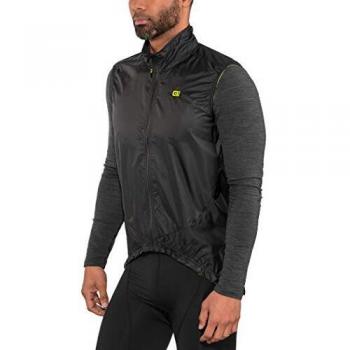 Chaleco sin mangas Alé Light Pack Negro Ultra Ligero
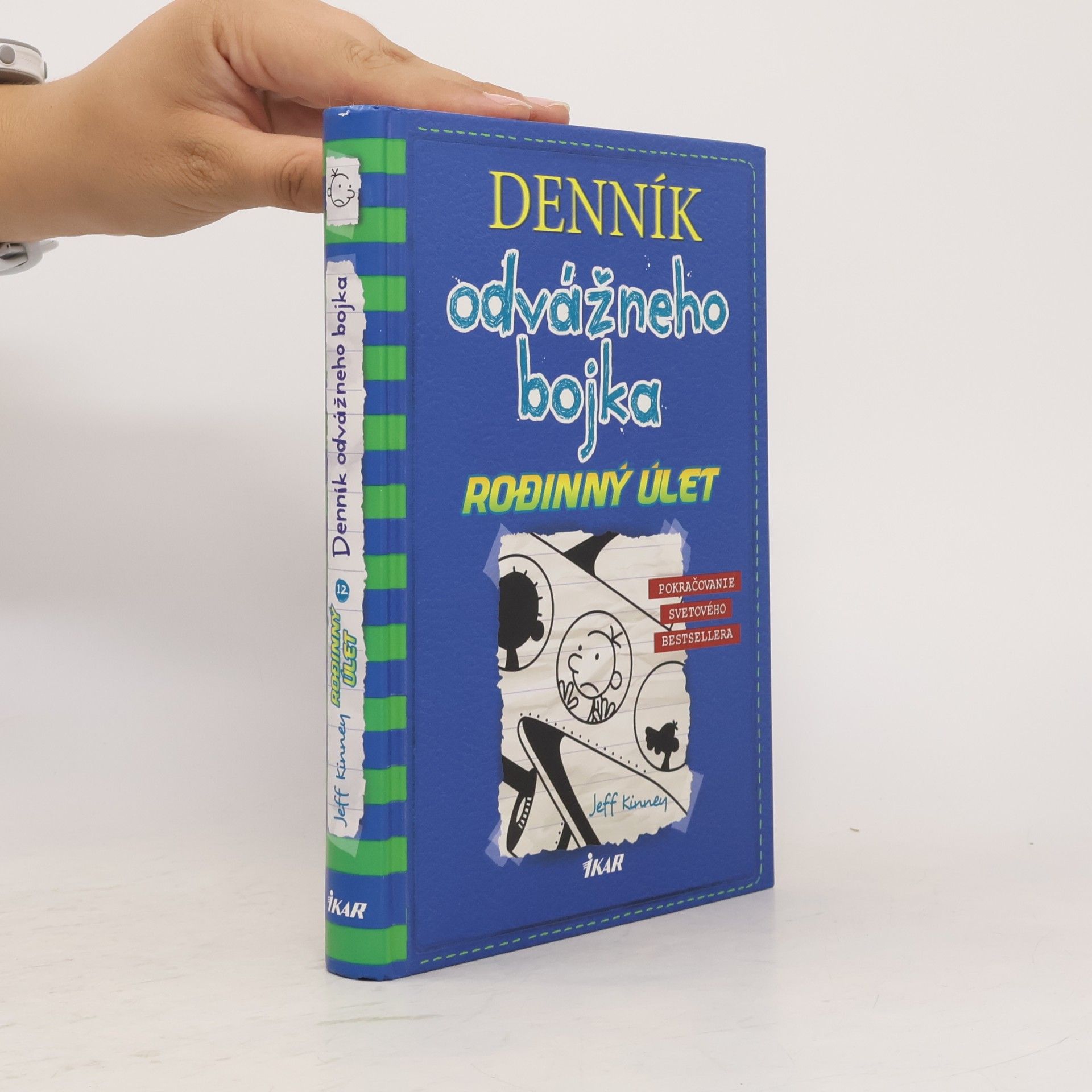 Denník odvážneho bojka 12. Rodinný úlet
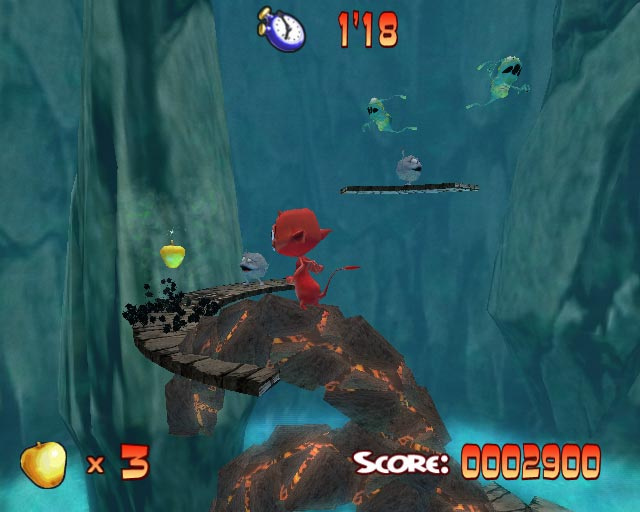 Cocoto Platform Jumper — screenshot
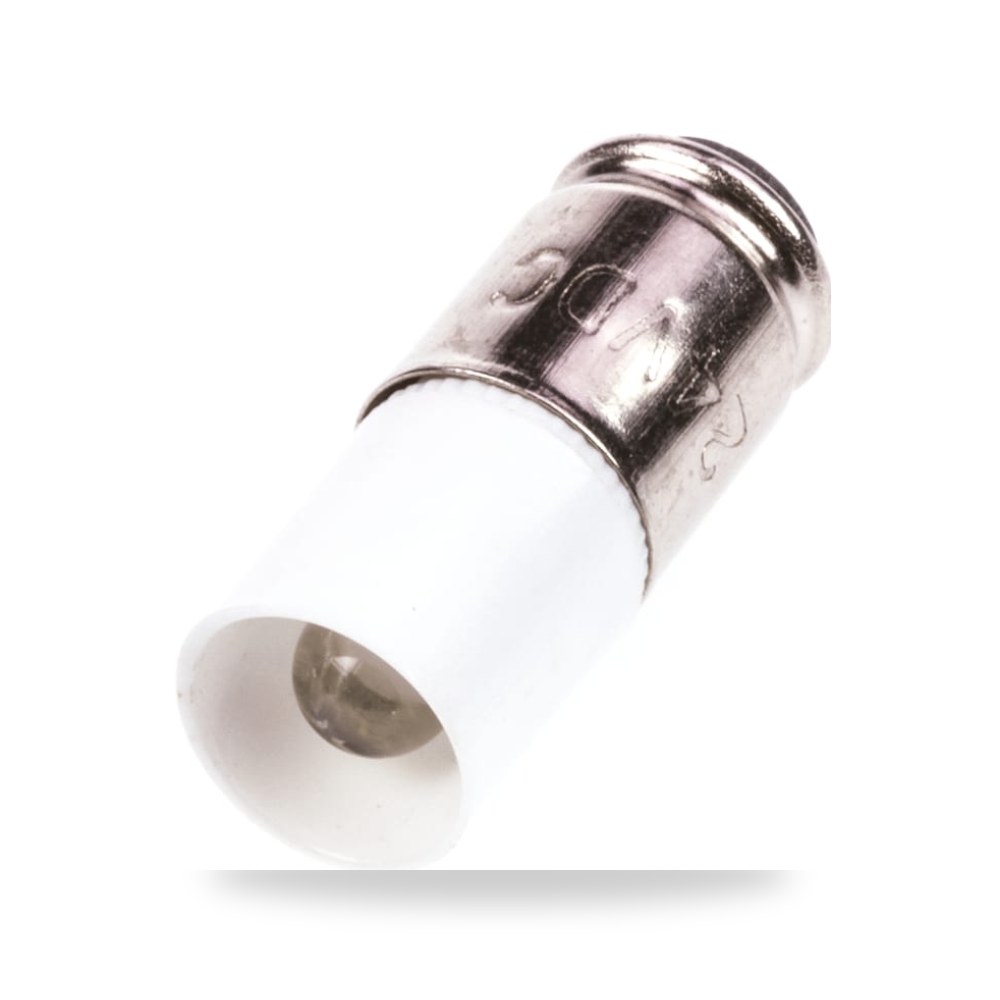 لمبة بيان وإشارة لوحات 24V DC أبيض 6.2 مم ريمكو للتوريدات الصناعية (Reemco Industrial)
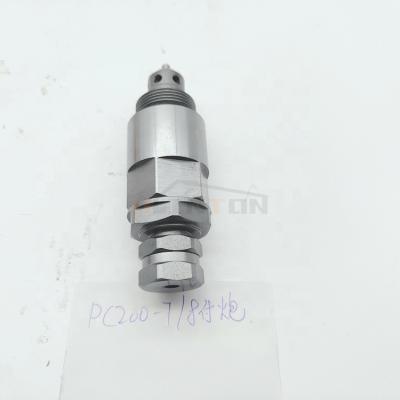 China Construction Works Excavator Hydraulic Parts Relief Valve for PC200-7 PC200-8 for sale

▬▬▬▬▬▬▬▬▬▬

Give back the data exactly. Pictures stay out.

● **Reply to the task**
 Chaleco sin mangas Alé Light Pack Negro Ultra Ligero
 Denník odvážneho bojka 12. Rodinný úlet
 Cocoto Platform Jumper — screenshot
 لمبة بيان وإشارة لوحات 24V DC أبيض 6.2 مم ريمكو للتوريدات الصناعية (Reemco Industrial)
 China Construction Works Excavator Hydraulic Parts Relief Valve for PC200-7 PC200-8 for sale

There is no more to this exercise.